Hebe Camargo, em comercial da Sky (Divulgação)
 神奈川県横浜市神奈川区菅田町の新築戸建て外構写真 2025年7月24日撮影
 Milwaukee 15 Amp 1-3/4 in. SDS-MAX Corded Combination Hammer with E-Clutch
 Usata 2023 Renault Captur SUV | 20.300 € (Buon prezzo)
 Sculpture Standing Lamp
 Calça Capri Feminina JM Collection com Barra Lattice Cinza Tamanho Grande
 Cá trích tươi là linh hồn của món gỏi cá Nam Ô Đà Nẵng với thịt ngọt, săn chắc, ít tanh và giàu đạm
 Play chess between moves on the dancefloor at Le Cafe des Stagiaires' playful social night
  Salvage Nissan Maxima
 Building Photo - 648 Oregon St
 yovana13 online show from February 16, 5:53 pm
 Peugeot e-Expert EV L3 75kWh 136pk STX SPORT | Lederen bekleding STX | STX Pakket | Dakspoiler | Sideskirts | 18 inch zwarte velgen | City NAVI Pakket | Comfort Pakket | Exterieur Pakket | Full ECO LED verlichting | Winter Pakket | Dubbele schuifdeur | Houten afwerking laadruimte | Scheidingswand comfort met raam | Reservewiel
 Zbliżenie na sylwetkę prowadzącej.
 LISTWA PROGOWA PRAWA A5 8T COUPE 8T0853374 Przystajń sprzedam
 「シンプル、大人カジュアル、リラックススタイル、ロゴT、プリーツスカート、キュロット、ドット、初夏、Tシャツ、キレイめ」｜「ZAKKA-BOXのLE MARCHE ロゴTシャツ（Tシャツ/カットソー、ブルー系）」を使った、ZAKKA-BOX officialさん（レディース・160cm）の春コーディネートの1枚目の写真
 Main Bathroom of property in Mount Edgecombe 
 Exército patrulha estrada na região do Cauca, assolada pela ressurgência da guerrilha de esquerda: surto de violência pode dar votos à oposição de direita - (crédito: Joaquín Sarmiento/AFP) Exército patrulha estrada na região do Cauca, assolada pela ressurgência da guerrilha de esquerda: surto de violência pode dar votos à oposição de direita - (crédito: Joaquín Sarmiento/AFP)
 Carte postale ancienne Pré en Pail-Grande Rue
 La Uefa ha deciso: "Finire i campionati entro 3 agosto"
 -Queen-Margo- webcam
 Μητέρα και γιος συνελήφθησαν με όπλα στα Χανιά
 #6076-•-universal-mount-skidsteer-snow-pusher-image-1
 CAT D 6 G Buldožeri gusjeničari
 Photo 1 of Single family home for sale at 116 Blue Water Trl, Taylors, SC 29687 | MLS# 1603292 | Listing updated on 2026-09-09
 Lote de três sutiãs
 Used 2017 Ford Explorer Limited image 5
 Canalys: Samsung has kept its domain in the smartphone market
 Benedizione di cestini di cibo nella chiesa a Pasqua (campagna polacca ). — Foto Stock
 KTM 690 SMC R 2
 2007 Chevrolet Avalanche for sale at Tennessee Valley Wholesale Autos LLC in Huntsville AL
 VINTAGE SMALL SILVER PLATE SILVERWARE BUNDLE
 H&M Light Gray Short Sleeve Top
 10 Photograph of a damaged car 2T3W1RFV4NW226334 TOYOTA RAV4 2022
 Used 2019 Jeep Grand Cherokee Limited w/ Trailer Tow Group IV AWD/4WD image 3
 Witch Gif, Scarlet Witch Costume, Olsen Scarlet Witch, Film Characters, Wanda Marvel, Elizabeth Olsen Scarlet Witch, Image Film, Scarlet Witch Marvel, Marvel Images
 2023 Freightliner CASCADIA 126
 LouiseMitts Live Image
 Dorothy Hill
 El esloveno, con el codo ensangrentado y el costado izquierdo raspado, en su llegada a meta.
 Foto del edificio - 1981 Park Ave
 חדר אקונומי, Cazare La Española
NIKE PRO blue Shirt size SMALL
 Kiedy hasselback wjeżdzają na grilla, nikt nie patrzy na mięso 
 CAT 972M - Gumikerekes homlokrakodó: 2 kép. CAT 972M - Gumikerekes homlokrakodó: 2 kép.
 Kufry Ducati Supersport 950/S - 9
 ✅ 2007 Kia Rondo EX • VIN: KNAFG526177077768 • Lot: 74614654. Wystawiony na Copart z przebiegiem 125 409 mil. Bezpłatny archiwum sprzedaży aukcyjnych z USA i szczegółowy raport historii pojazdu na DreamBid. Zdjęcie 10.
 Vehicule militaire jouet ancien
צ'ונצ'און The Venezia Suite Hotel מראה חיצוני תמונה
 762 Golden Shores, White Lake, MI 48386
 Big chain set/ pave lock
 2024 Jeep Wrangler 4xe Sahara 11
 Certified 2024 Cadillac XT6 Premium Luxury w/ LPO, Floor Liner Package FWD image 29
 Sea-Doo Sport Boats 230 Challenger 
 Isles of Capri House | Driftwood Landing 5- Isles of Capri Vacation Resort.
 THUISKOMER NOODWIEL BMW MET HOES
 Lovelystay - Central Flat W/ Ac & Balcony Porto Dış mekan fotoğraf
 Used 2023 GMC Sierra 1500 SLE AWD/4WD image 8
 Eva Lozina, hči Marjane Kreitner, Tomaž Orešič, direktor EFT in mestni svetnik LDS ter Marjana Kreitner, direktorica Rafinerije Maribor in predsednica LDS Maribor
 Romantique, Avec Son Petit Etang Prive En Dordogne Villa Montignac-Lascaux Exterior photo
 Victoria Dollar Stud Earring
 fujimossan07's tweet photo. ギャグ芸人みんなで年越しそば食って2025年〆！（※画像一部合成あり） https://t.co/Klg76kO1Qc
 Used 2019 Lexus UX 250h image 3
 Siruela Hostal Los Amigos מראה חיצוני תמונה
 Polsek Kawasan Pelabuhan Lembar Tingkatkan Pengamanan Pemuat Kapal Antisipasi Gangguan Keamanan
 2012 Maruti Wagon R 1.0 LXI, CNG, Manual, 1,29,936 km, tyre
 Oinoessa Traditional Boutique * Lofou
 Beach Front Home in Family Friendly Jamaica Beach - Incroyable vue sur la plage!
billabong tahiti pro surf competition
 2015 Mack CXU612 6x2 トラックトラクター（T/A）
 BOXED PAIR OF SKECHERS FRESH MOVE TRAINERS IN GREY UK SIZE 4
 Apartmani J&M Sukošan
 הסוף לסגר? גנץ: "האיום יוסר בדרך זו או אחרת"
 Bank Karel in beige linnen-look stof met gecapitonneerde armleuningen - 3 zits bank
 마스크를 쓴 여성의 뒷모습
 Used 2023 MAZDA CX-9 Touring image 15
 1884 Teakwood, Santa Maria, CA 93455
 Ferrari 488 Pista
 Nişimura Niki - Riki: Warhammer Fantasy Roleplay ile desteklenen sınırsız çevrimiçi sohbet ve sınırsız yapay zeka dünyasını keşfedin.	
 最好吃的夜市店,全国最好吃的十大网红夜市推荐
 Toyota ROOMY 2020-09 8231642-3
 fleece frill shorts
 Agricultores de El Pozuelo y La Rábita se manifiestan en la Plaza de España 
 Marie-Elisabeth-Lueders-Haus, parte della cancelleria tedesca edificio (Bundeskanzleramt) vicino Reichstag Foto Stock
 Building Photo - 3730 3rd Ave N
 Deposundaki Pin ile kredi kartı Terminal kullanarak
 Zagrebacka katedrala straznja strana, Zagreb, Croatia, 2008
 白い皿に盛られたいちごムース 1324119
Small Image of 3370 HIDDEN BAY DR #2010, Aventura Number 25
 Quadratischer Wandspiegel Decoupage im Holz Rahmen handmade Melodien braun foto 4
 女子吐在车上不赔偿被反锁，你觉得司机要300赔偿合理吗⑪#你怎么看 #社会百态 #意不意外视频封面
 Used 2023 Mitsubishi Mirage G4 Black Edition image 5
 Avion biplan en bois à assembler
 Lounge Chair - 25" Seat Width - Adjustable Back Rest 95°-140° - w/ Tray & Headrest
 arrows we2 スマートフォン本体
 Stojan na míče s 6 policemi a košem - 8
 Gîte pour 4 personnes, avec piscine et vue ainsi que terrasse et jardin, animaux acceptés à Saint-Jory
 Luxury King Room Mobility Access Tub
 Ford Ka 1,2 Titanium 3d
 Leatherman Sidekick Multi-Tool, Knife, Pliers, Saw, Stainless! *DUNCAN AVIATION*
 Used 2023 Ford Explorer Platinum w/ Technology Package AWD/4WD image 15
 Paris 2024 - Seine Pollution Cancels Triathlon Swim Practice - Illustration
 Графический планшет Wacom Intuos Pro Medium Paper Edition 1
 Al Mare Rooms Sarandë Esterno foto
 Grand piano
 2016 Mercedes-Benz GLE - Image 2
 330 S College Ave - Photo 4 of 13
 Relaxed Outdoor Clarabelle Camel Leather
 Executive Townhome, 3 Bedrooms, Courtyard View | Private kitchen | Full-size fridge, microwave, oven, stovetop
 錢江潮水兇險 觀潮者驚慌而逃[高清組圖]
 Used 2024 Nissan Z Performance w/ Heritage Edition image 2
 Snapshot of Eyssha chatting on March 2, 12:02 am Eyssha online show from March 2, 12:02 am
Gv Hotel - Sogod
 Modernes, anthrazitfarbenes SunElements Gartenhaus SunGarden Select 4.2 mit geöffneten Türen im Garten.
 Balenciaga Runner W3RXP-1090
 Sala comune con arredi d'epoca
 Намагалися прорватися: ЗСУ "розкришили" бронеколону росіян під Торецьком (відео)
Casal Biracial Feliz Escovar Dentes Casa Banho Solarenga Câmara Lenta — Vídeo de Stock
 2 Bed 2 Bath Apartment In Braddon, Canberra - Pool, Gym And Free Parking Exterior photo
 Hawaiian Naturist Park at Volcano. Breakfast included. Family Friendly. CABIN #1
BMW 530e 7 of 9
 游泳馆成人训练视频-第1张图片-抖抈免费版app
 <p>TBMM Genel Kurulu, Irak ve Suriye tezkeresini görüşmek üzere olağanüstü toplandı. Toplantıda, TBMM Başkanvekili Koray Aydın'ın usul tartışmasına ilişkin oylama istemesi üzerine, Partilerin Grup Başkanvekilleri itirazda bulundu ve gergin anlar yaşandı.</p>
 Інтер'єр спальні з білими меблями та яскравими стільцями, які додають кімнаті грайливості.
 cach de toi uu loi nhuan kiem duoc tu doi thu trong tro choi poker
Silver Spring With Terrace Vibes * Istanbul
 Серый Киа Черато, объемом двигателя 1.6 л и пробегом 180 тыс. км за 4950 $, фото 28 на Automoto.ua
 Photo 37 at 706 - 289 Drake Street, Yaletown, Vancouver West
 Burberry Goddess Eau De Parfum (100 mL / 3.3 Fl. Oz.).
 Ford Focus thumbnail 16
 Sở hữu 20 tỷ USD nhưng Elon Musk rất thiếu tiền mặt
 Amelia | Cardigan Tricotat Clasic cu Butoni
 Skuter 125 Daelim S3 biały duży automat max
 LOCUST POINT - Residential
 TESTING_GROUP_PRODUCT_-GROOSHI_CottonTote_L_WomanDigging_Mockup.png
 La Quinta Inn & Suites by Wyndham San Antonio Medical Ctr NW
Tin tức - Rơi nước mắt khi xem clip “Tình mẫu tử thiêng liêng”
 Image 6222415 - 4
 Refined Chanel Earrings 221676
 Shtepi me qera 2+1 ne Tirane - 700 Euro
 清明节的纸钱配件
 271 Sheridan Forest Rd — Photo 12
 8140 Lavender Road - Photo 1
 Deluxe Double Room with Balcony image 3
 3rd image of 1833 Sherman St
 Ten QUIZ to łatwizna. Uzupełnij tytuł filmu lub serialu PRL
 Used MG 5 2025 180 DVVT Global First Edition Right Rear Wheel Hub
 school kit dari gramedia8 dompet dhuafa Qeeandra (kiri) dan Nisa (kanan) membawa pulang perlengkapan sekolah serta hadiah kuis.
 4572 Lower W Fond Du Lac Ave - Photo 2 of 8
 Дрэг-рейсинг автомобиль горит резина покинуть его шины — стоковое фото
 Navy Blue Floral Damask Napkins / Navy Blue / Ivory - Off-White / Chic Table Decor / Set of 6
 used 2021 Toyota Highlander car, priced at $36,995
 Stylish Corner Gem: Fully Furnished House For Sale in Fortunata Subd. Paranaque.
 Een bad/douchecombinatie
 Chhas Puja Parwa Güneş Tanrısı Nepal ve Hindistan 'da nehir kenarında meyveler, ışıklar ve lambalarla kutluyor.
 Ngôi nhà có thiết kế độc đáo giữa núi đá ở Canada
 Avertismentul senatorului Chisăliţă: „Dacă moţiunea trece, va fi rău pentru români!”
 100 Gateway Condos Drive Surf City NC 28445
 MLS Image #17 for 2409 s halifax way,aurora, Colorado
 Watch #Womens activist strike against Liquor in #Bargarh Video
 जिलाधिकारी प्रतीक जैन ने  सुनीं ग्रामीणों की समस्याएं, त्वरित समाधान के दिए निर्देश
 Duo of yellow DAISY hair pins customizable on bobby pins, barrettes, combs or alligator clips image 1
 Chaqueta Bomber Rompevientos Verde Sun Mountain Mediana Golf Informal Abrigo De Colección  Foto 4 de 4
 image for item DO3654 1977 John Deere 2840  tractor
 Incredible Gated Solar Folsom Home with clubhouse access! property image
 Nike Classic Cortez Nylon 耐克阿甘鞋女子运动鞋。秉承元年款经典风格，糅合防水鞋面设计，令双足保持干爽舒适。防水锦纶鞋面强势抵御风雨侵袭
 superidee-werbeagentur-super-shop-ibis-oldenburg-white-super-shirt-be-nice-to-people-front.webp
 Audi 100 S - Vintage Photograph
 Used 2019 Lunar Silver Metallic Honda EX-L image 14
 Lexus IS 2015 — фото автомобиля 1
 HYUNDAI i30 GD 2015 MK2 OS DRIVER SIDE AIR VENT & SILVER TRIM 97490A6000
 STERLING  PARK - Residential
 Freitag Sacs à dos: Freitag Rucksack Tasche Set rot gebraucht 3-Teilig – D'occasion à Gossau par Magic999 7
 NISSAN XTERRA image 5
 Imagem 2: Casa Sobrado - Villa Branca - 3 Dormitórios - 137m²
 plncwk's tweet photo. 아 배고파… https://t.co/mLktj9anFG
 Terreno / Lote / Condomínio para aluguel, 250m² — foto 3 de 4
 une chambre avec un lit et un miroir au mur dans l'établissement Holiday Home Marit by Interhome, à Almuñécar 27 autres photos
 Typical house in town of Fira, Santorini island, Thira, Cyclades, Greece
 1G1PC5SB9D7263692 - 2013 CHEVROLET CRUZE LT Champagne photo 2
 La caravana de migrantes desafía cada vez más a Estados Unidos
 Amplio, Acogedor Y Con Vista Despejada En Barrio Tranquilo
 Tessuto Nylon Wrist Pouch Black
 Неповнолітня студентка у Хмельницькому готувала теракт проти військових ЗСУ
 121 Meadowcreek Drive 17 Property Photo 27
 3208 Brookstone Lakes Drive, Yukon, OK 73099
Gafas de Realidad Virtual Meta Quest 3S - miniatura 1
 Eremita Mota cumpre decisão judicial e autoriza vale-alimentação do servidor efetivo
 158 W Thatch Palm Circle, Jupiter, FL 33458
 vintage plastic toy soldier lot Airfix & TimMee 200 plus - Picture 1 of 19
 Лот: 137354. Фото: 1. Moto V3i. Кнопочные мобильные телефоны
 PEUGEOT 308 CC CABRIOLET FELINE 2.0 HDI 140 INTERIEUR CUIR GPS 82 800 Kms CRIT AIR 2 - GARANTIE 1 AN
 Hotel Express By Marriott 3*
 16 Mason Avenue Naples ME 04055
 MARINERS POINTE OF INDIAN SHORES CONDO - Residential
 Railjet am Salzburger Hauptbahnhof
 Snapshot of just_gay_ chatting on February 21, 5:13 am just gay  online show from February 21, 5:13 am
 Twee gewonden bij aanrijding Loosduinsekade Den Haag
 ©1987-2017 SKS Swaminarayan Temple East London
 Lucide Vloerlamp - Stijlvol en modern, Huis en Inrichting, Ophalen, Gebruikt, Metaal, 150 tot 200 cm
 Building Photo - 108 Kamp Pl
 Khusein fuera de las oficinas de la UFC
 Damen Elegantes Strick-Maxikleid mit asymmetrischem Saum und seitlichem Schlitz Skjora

--- EXERCISE INSTRUCTIONS ---
Give the exact lines, and only those, from the line containing "Peugeot e-Expert EV" through the line containing "Main Bathroom of" in the entries above.

--- RESPONSE TO THIS TASK ---
 Peugeot e-Expert EV L3 75kWh 136pk STX SPORT | Lederen bekleding STX | STX Pakket | Dakspoiler | Sideskirts | 18 inch zwarte velgen | City NAVI Pakket | Comfort Pakket | Exterieur Pakket | Full ECO LED verlichting | Winter Pakket | Dubbele schuifdeur | Houten afwerking laadruimte | Scheidingswand comfort met raam | Reservewiel
 Zbliżenie na sylwetkę prowadzącej.
 LISTWA PROGOWA PRAWA A5 8T COUPE 8T0853374 Przystajń sprzedam
 「シンプル、大人カジュアル、リラックススタイル、ロゴT、プリーツスカート、キュロット、ドット、初夏、Tシャツ、キレイめ」｜「ZAKKA-BOXのLE MARCHE ロゴTシャツ（Tシャツ/カットソー、ブルー系）」を使った、ZAKKA-BOX officialさん（レディース・160cm）の春コーディネートの1枚目の写真
 Main Bathroom of property in Mount Edgecombe 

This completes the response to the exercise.